The Writing on the Wall

I think mothers know. They have a sense if something is not right with their child. When Alex was about 15 months old, something just seemed “off”. Around that time, he began losing the language and play skills he had developed. He would walk right past me as if I wasn’t there. If I called his name, he would not respond. One day as he sat at the kitchen table, facing away from me, I held a cookie sheet above my hea0607161640ad and then quickly slammed it to the floor. Everyone else came running from all over the house to see what had caused the loud sound. Alex didn’t turn around to look; he didn’t even flinch. Every night from about midnight to 2 or 3 am, he’d hold onto the side of his crib, bounce up and down, and say “legga, legga, legga”. The tiles on the kitchen floor had gaps between them and Alex laid on the floor for half an hour at a time, picking at the spaces between the tiles with his index finger. Long before I could name it or define it, I just knew. I tried to ignore the ever-growing, gnawing anxiety I felt when I saw him do these things, but it never left me. Even before the search for answers, before the appointments with the specialists, before the diagnosis, I knew; I knew my child was different.
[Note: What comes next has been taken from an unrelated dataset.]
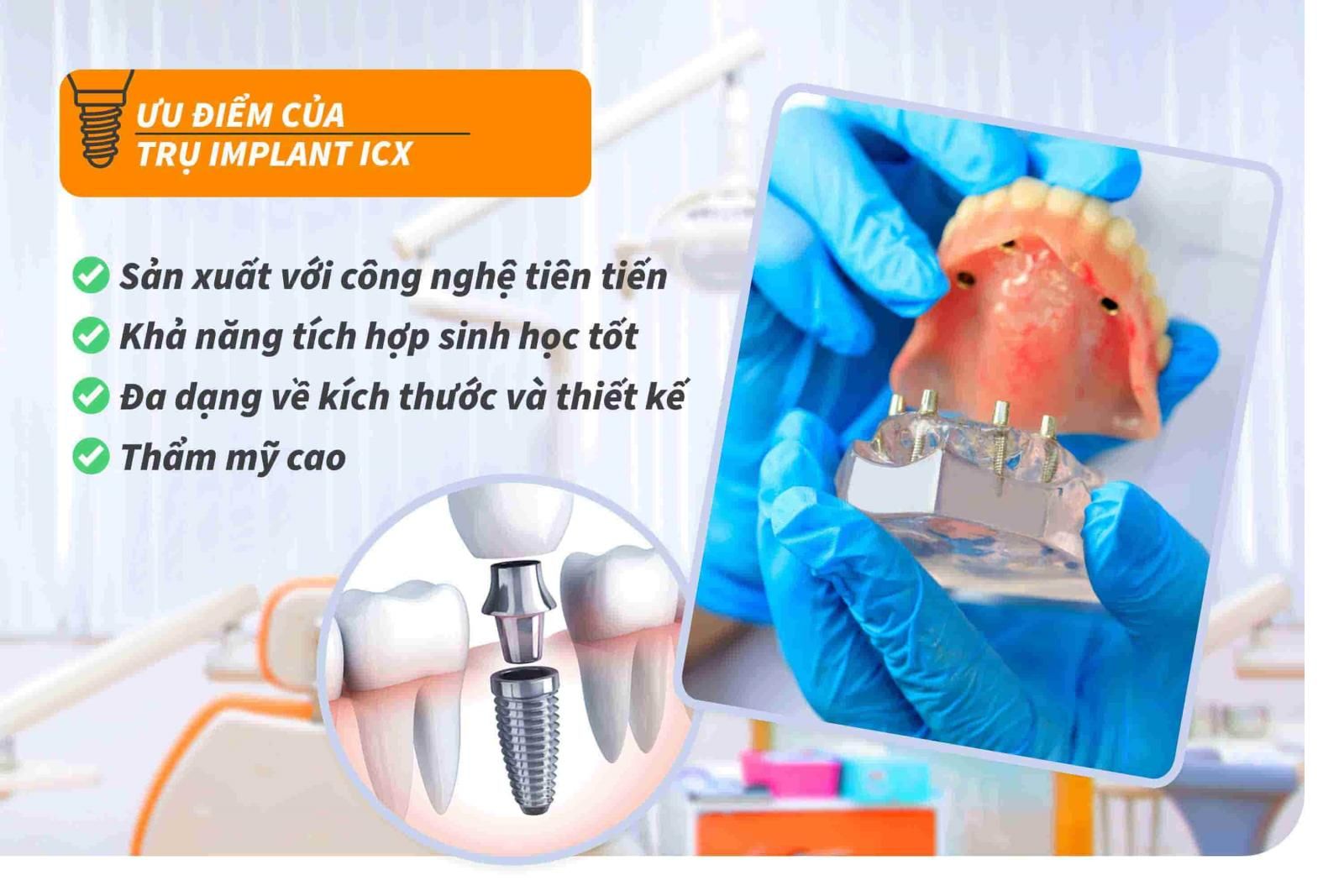 Ưu điểm của trụ Implant ICX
Friends and family members started saying things like; “Oh, he’s just really bright and he’s bored. You need to get him some more challenging puzzles and toys;” “Oh, he’s fine, you worry too much. Stop reading all those things” (about disabilities). Was I overreacting? Seeing things that weren’t there? Making mountains out of molehills? My husband’s friend since childhood, Bob, worked at a residence school for autistic teens. (That might very possibly have been the first time I’d ever heard of “autism”. Remember, this was 1991, and the rate of autism being diagnosed was only 1 out of 10,000.)  I’d say to Bob, “Look at Alex–do you think he’s autistic?” He would say, “Nah, he’s not weird enough.”

Although part of me wanted to believe that nothing was wrong, I could no longer ignore the writing on the wall. Eventually, it turned out that my fears and concerns were true. By the time Alex turned three, I had to find out what was going on. I took him to our pediatrician and described to her the odd behaviors and unusual things I was noticing: lack of interest in potty training, lack of eye contact, staying awake most of the night, lack of speech, periods of unusual crying and giggling, ignoring us when we talked to him, acting as though we weren’t there. She said, “Well, any one of these things alone wouldn’t be cause for concern, but putting them all together, I’d say we need to look into it.”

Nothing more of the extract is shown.